As I studied for my ConLaw final, this question popped into my head: How can people claim to be able to wring objective meaning or “original intent” out of vague phrases like “the freedom of speech,” “equal protection of the laws,” and “due process of law,” when constitutional experts can’t even agree whether or not the Senate is allowed to turn away Roland Burris?
A few weeks back, I got into an interesting back-and-forth with an originalist Scalia fan who asked, if we’re allowed to go beyond “original intent” with the Constitution’s vaguest, most general provisions, then why can’t we cleverly re-invent its more objective ones? The example he gave was this: The Constitution requires presidents to be 35 years old, but back in 1789, average life expectancy was undoubtedly much shorter than it is today, so you could argue that the Constitution enacted only the “principle” of having a middle-aged president. Today, a middle-aged president might be 40, or 45, or 50 (sorry, Barack, looks like you’ll have to wait).
My response was that many constitutional provisions are essentially policies (each state gets two Senators, president must be 35, the state can’t make you host troops during peacetime) whereas others, mainly the provisions of the Bill of Rights, are essentially principles. Of course, reasonable people can disagree about what the principles of equal protection and free speech entail for specific governmental policies. But the Burris debacle has revealed that it’s not just the sexy First and Fourteenth Amendments that are open to honest scholarly disagreement. Yale prof Akhil Amar says the Senate can “easily” reject Burris; local HLS prof and HPR interviewee Mark Tushnet agrees, as do Larry Tribe and Jack Balkin. But UT law professor Sandy Levinson has been using Balkin’s own blog to repeatedly bash the idea of rejecting Burris. Eugene Volokh backs him up, as do Brian Kalt and, in the Los Angeles Times, UC Irvine law school dean Erwin Chemerinsky. (If you’ve heard of even one of these people and are female, please call me ASAP.)

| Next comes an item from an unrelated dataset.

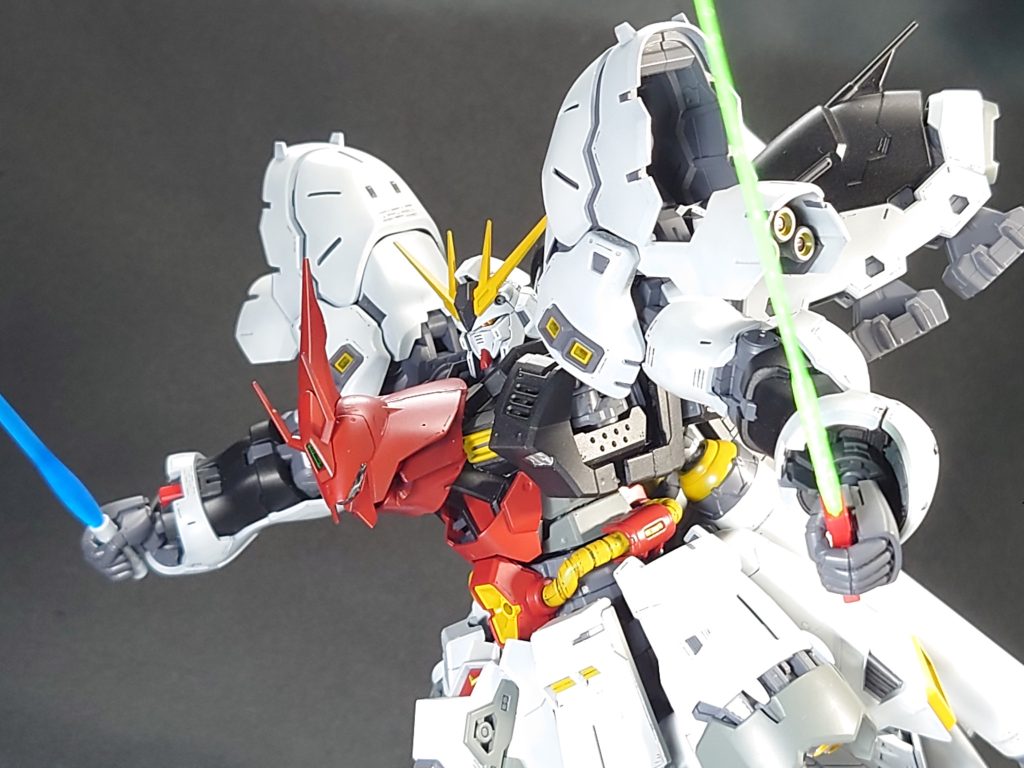 シャア、邪魔だな。–6枚目/制作者：E12改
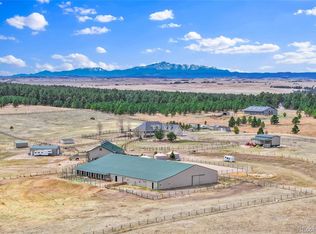 5350 Taylor Renee Cir, Elizabeth, CO 80107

These people all have different constitutional philosophies, and perhaps none of them is exactly an originalist in the Scalia mold. But by the same token, none of them thinks that original intent is irrelevant in this debate, and I suspect that if there were some foolproof way of discerning that intent, they would stop the analysis right there. But there’s not, and they don’t. Reasonable and even eminent people can differ on the meaning of the Constitution. But Scalia and his ilk think they can nail down the Constitution’s meaning armed with only a history book and a dictionary.